By the 16th the French fleet was in sight to the north-west in the lee of Martinique, and it was apparently intent on sailing between that island and Dominica. During the evening Rodney formed his ships in line ahead on the starboard tack whilst keeping station on de Guichen, and at daybreak on the 17th it could be seen that the French were forming a line of battle on the port tack, being to leeward and westward of the British, and were now sailing in the opposite direction towards the south south-east. The wind at this time was in the east, and between the opposing lines which were now converging to within twelve miles of each other were two British frigates that had been detached to observe the French movements. Rodney was perfectly positioned, and at 6.45 he signalled his intention to cut off the enemy rear and concentrate all of his force upon it, to which instruction the affirmative signal was received from all the ships in his fleet.
At 7 a.m. Rodney ordered his ships to close up to within one cable’s length of each other, and at 8.30 signalled his fleet to bear downwind in line abreast upon the enemy. The canny de Guichen appeared to understand his counterpart’s intention of cutting off the rear of his line, and he ordered his fleet to wear in turn, thereby inverting his line so that the rear became the van. This manoeuvre also meant that his fleet began heading in a northerly direction on the starboard tack, and in making it the ships which had been leading his line were now required to crowd on sail so as to close the gap on the new van.
His initial thrust thwarted, Rodney immediately hauled on to the larboard tack so as to be on the opposite course to the French once more.
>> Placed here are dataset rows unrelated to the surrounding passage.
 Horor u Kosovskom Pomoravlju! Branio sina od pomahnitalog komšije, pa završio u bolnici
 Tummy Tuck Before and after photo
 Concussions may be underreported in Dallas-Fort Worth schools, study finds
In undertaking his own evolutions he now realised that he would have to be content with his ships being two cable lengths apart, and several vessels were called to order by individual signals to bring about that state. At 10.10, with his flagship being abreast of de Guichen’s, the signal was made to wear ship and join the same starboard tack as the French. Again he seemed perfectly positioned to fulfil his plan of slanting down upon the new, extended, French rear and of cutting it off from its consorts.
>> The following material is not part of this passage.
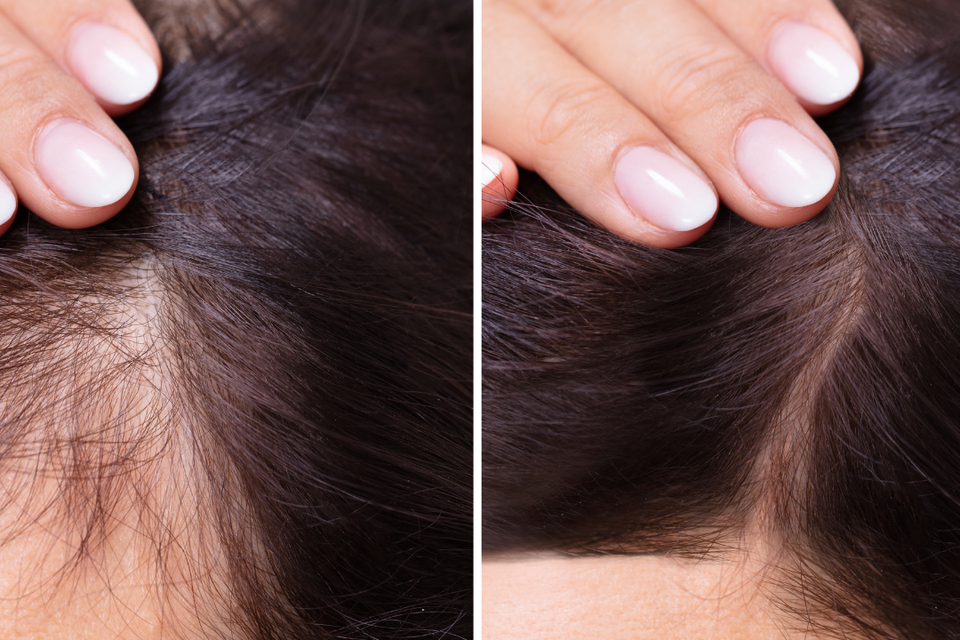 Before-and-after comparison showing improved hair density and scalp coverage following a professional hair replacement treatment.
But it was now that his concerns about the ability and imagination of his captains came home to roost. The ship at the very rear of the fleet which would of necessity be the first to go about was the Stirling Castle 64, and her captain, Robert Carkett, was a typical old-fashioned officer, albeit one who had risen on merit from the lower deck rather than been promoted through family influence. For ten long minutes Carkett pondered on the signal whilst trying to make sense of it, and only when it was repeated with his flag did he act. This was a portent of the problems to come, and although Rodney’s appraisal of the qualities of his subordinates was to some extent justified, in his usual haughty and contemptuous manner he had failed to effectively communicate his plans to them. The captains were men who had been schooled under the standard and rigid Fighting Instructions, and their experience in the Seven Years War and before had witnessed senior officers being brought to court-martials as a result of misjudgements at battles such as those of Toulon, Minorca and even Ushant just two years previously. As a result the captains were a concoction of the wary, the robotic, and the intransigent.
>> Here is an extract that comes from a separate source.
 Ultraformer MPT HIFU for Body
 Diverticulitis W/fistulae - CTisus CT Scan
By 10.30 the British fleet had finally gone about and both forces were heading north with the French line some ten miles long, and the British, who retained the weather gauge, having a line about six miles in length. At 11 a.m. Rodney signalled ‘prepare for battle’ and at 11.50 for every ship to ‘bear down and steer for her opposite in the enemy’s line, agreeable to the 21st article of the Additional Fighting Instructions’. Shortly afterwards the signal for ‘close action’ was hoisted. All the captains had to do was follow the, albeit lengthy, protocols attached to the 21st article in the Fighting Instructions, and Rodney’s intention to cut off the enemy’s rear and bring about a comprehensive defeat of the French would be fulfilled.
That some of his officers were still not in cohesion with Rodney quickly became evident when the van, led by the misguided Stirling Castle, chased up the ten-mile long French line to close on their van, rather than adhere to his signal to attack the ships immediately opposite them, which in this instance were in the French centre and rear. On this occasion Captain Carkett totally misinterpreted Rodney’s signal, no doubt being confused by its confliction with the earlier 6.45 signal to engage the enemy’s rear. As far as he was concerned the enemy ships that had been in the rear at 6.45 were now making up the French van, and he believed the ‘opposite in the enemy’s line’ to be his original intended target, that being the French ship which now lead their line.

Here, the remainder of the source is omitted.